I had occasion to participate in a panel presentation on the general topic of angel financing terms and conditions. Many of the participants were concerned about how to negotiate terms and the consequences of certain kinds of provisions. The panelists, myself included, tended to cater to this by talking about trying to avoid certain terms, etc. In the world of angel financing, the range of size of investment and length and complexity of documentation varies dramatically from the family friend who writes a check for some common stock to the sophisticated angel group that behaves much like a VC. 

Upon reflection, however, all investors in this the category have at least this much in common: they invest relatively small amounts. By relatively small, I mean anything from thousands to a million or two, under some conditions. Because the investments are small, they cannot bear the weight of the kinds of transaction costs that one normally sees in a $10 million financing. By way of example, a “normal” VC financing might cost the issuer $40,000 in legal fees. $40,000 is 0.4% of 10,000,000. If you raise $250,000 in angel money you can’t spend $40,000 in fees to do it. While it might not cost you in dollars for the time you spend negotiating, it will pile up as you consult with your attorney. In addition, the further away you get from the simple, straight forward and standard, the more it will cost to document a deal. 

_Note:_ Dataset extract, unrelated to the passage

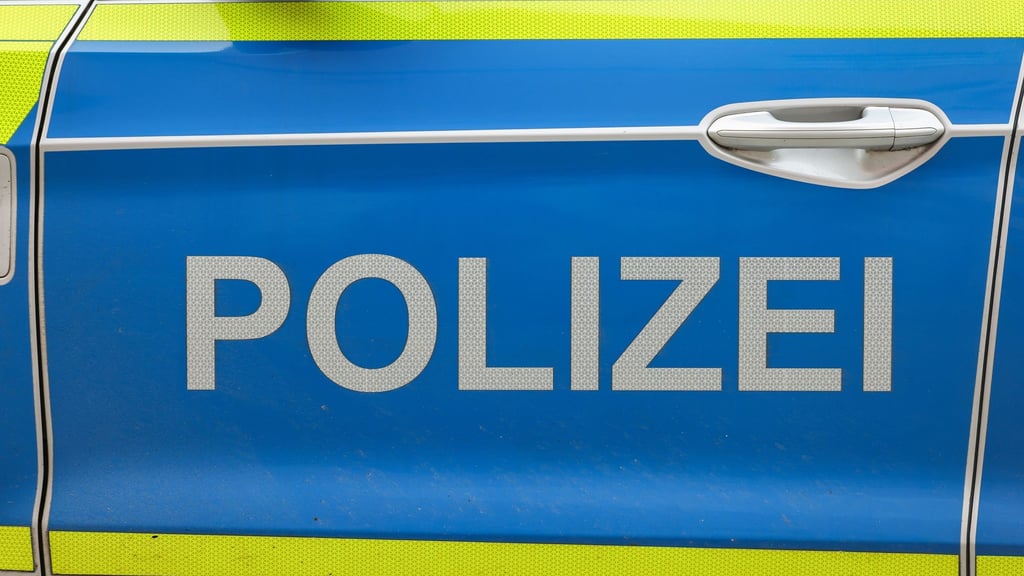 Die Polizei fahndet nach einem Betrüger in Wernigerode.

At the end of the day, you need to know what is important to you, and I suggest that prime among the things that should be important to you is maximizing the dollars you can put to work in your business and your economics. So, look at valuation; look at dividends, the discount in a convertible note, multiple X preferences, and full ratchet antidilution. Beyond these issues, you need also to be comfortable with your investor. Sometimes you need to take your money where you can find it, but if you just don’t get along with the investor, maybe you should keep looking. 

Keeping all this in mind, there is a lot of merit to closing and putting money in the bank. If the investor wants registration rights, don’t argue. Will accepting some seemingly unreasonable terms create issues later – it well could, and you may find yourself dealing with these “issues” later when they arise, but consider that in the light of (1) spending $25,000 to raise $250,000 (or less) and (2) going an additional some amount of (weeks or months) without funding.

To paraphrase the famous prayer – may God grant you the strength to negotiate the important terms, the fortitude to endure the effects of the ones you can’t (or shouldn’t) negotiate; and the wisdom to know the difference.

Angel Groups

Here is a link to a lengthy article on angel groups.  There are many angel groups in New England.  A list of most of them can be found at the EEC Web Site.   There is also a brief article by Ham Lord of LaunchPad in a recent EEC Perspectives publication.  He has these two things to say

" Angel financing is more than just seed round financing for future venture capital deals. In fact, angels fund 10 to 20 times more companies than venture firms do on an annual basis. This is because many angel deals will never need the type of large financing ($10M+) that is typical of most venture deals. "

 and

" At Launchpad and other angel groups in New England, there is a strong desire to finance companies all the way from their seed round to an exit. This leads to an environment where angel groups are syndicating deals between groups in a geographic region, such as New England. "

One thing is that it is very hard to get good information about angel investing because it is such a large and disaggregated category.  However, there is one Web site, the Center for Venture Research at the Whittemore School of Business and Economics of the University of New Hampshire, that does attempt to follow these investments.